El restaurante es, antes que nada, un negocio. Ninguno nace como una causa benéfica en sí misma, por mucho carácter solidario que se quiera dar a su ejercicio; sin beneficios no hay lugar para la cooperación. Las cosas claras: se trata de obtener la mayor rentabilidad posible de la inversión realizada, minimizando los riesgos asumidos. Ni más ni menos que en cualquier otra empresa. Conviene tenerlo en cuenta, porque no son pocos los clientes convencidos de lo contrario: el restaurante debe ofrecer lo mejor y cobrar como si empleara lo peor.
Desde la perspectiva del negocio, la propuesta del nuevo Osaka de San Isidro es impecable. El traslado del viejo y caduco local de Conquistadores al rutilante escenario de Pardo y Aliaga da vida a una propuesta cosmopolita y sofisticada; tal vez la primera homologable en Perú a los locales que definen tendencia en medio mundo. La decoración, la distribución de espacios, el trato recibido o el vestuario –salvo el de las anfitrionas; ¿vestirían así a un hombre?– sirven al mismo propósito.
Veo este nuevo Osaka como la evolución del local que mantienen en Santiago de Chile, el único de los siete miembros de la saga (dos en Buenos Aires, dos más en Lima, uno en Santiago y otro en Quito) que rompía la estética del local original. También es el que goza de mayor reputación culinaria; el único considerado entre los 50 mejores de América Latina.
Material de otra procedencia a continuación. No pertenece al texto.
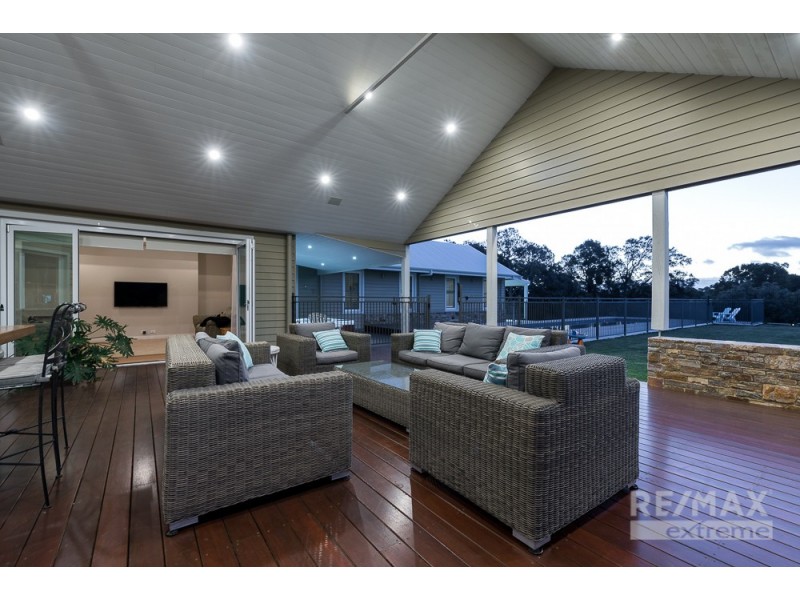 19 Greenhaven Glade, Carramar WA 6031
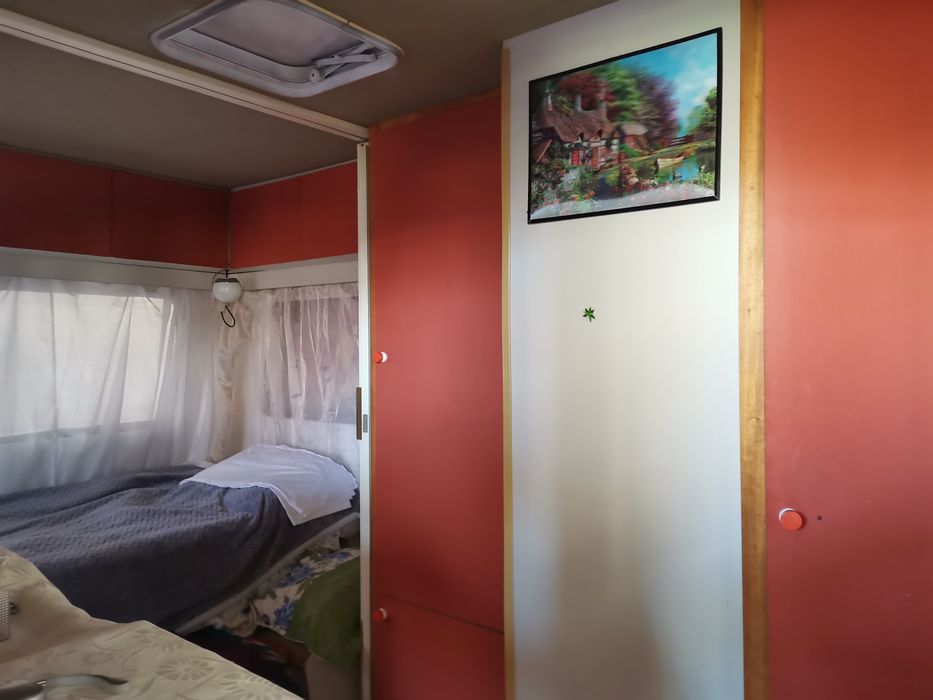 vând rulota 4 persoane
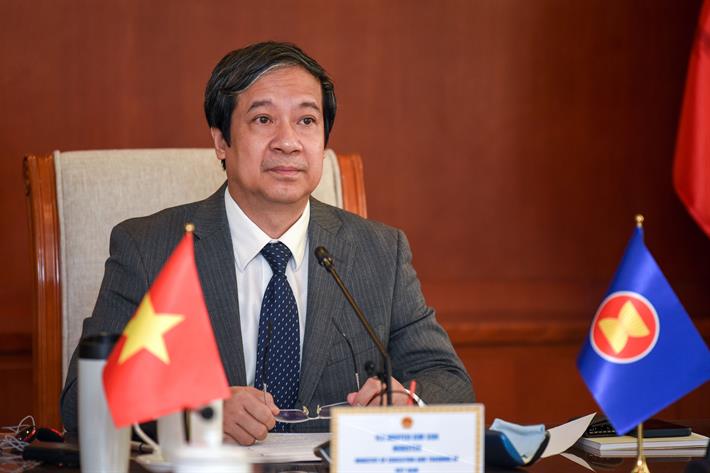 Bộ trưởng Nguyễn Kim Sơn: Đại dịch thúc đẩy chuyển đổi số giáo dục cả bề rộng và chiều sâu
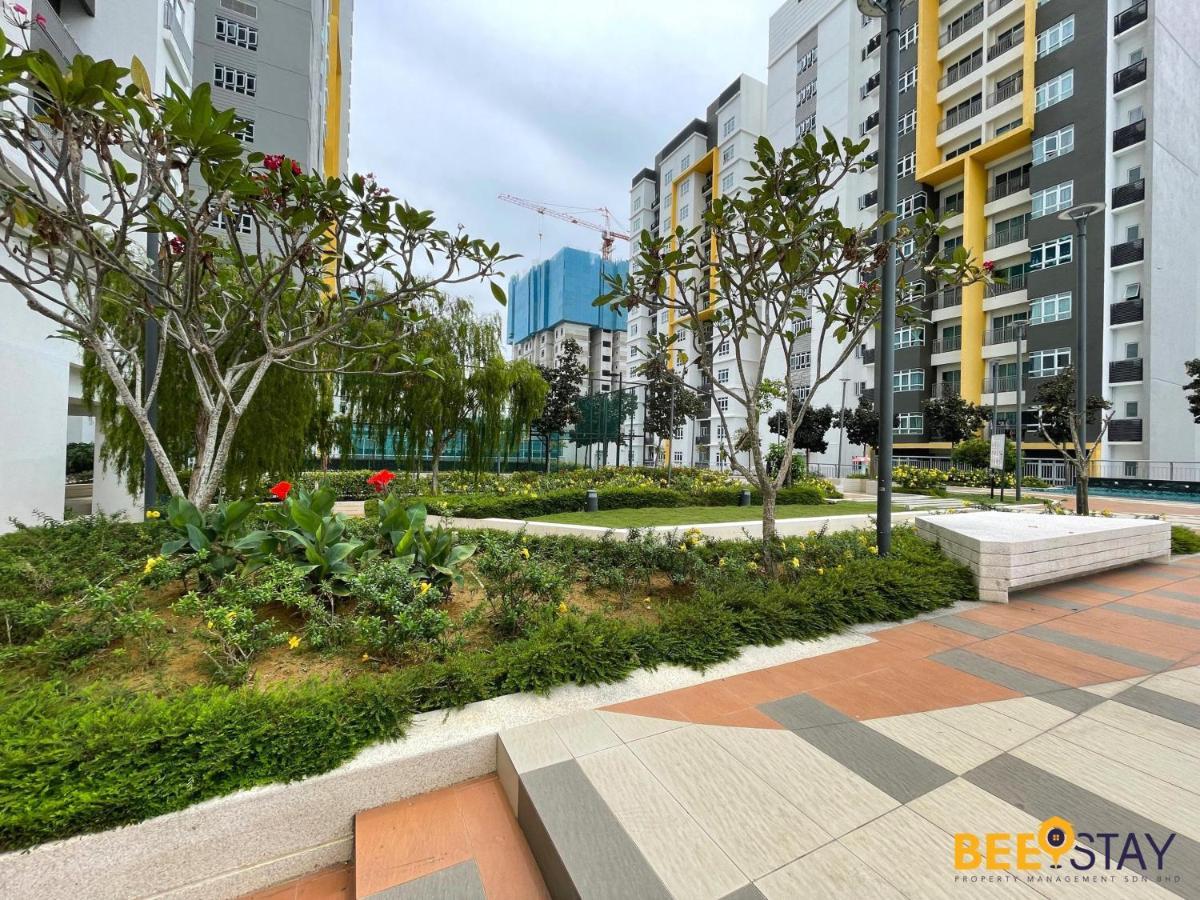 Mesa Hill Nilai By Beestay Management Buitenkant foto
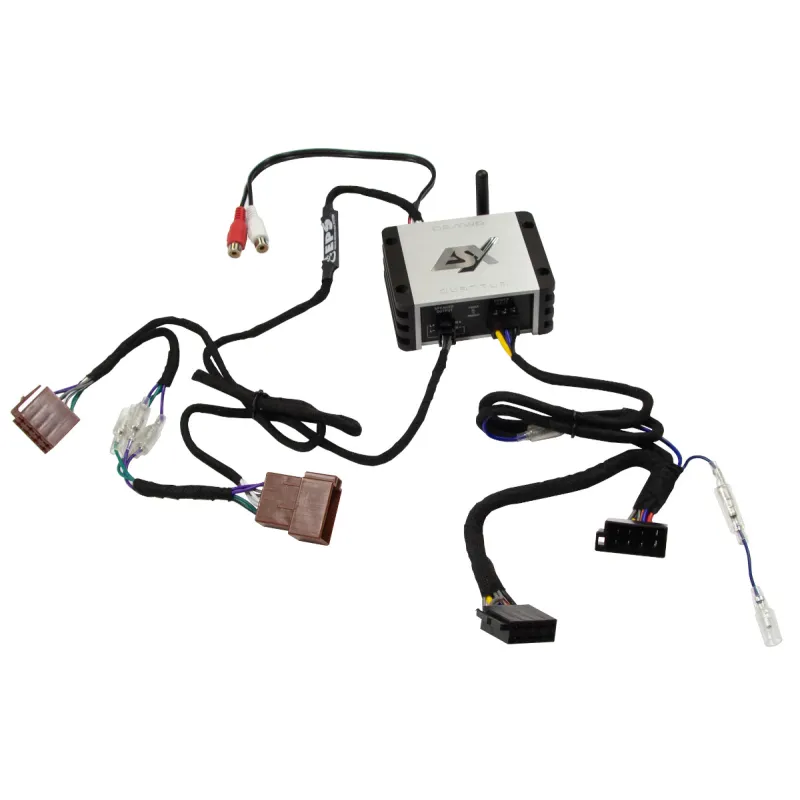 Amplificador compacto ESX Quantum QS-TWO-BT-ISO con sus componentes y cableado instalados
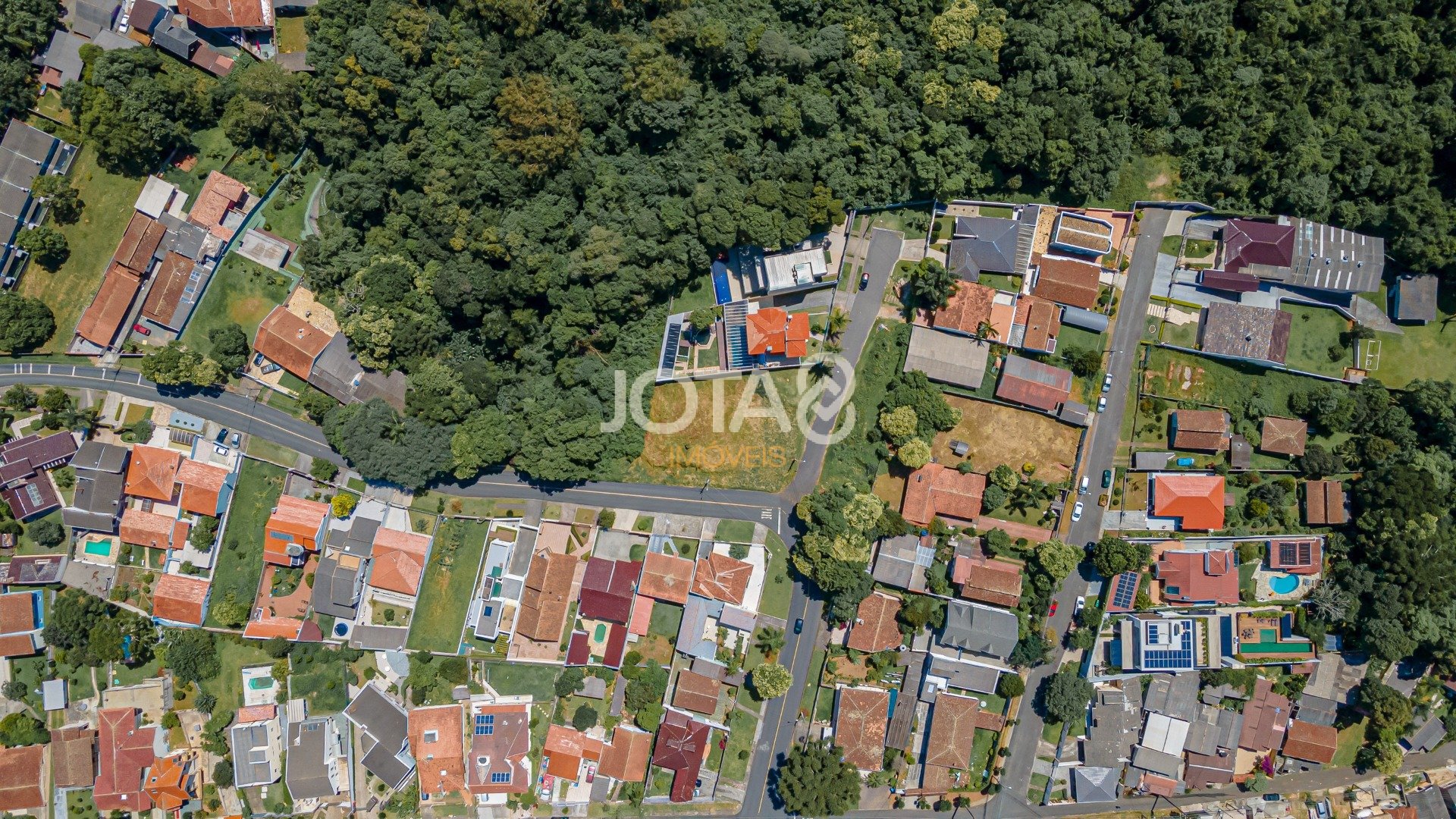 TERRENO DE ESQUINA PRÓXIMO AO PARQUE BARIGUI!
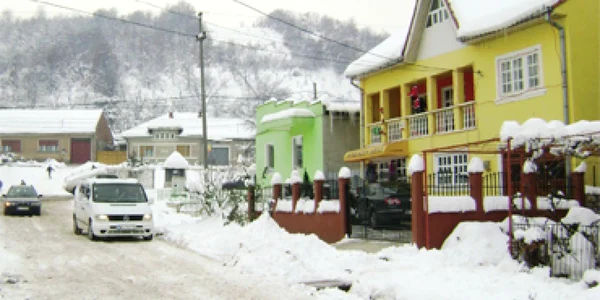 Una dintre pensiunile de pe Clisura Dunării.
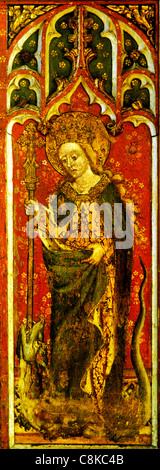 Filby, Norfolk, jubé, Sainte Marguerite d'Antioche avec crozier et dragon homme saint saints anglais peinture écrans médiévale Banque D'Images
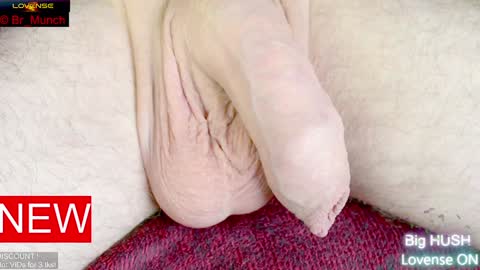 Snapshot of br_munch chatting on 02/03/25, 05:40 Baron online show from 02/03/25, 05:40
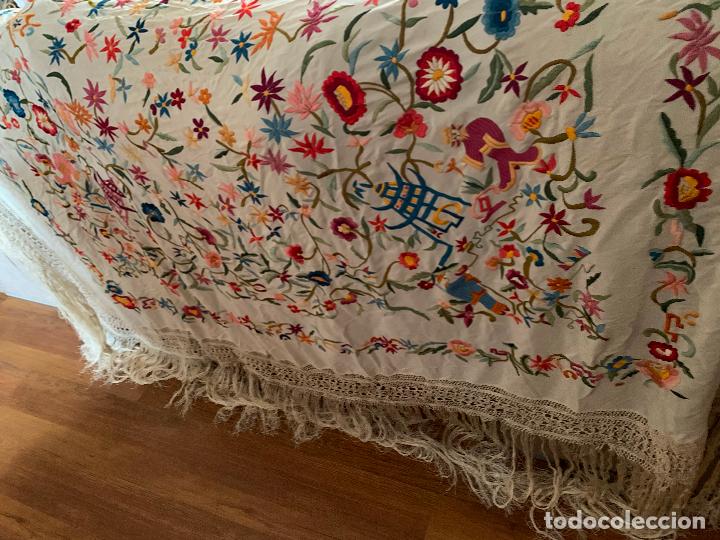 Antig&uuml;edades: Manton antiguo bordado - Foto 6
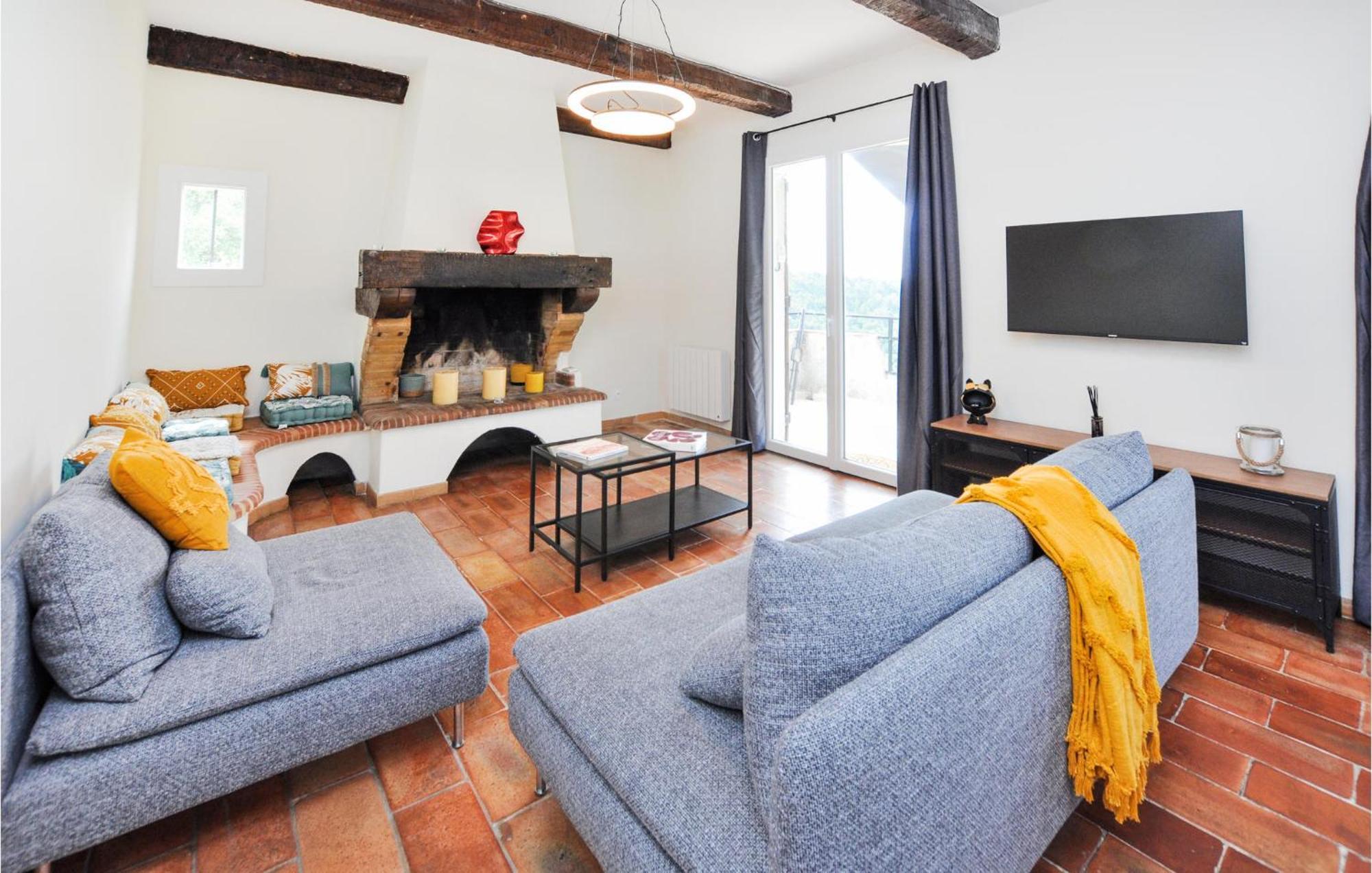 Awesome Apartment In Saint-Jeannet With Kitchen Екстериор снимка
Para sorpresa del comensal, la cocina del nuevo local –el emblema de la compañía– no se acerca, ni de lejos, a la ofrecida por Ciro Watanabe en el restaurante de Santiago. Todavía más sorprendente es que el propio Ciro no esté al frente del nuevo espacio.
No es así y las consecuencias se dejan notar. En cuanto los platos llegan a la mesa todo empieza a tener un aire de cocina franquiciada. Correcto pero sin brillo, como si renunciara a mostrar una personalidad propia en favor del efectismo, los guiños seguros y el aplauso fácil. La propuesta se ha sofisticado respecto a la del antiguo local, pero continúa llena de fisuras y conceptos chocantes. El principal es la extraña relación de esta cocina con el azúcar. Los sabores dulces mandan en la carta. Empezando por los cocteles y siguiendo por la cocina, desde el sushi a los platos de fondo. Sucede con la gyoza en salsa de camu camu, el nigiri de entraña, el futomaki de anguila o el pato mochero. El pato está muy bien resuelto, con la carne tierna y cruda y la piel crujiente, pero el dulzor de la salsa unido al del arroz acaban por condenarlo.
Hay otros detalles chocantes, como el abuso de langostino de criadero –debemos suponerlo, estamos en plena veda del pescado en el mar–, en un restaurante que se pretende de lujo o una carta desproporcionadamente larga y, tal vez por eso, falla más de la cuenta. La mejor muestra es un presunto cebiche caliente con el pescado completamente pasado de cocción y tanto caldo que deberían presentarlo como un sudado.
AL DETALLE
1.5 estrellas de 5
Tipo de restaurante: nikkéi oriental.
Dirección: Av. Pardo y Aliaga 660, San Isidro. Lima.
Teléfono: 222-0405.
Tarjetas: Visa, Amex, Diners y MasterCard.
Valet parking: sí.
Precio medio por persona (sin bebidas): 130 soles.
Bodega: consistente.
Observaciones: cierra domingo noche.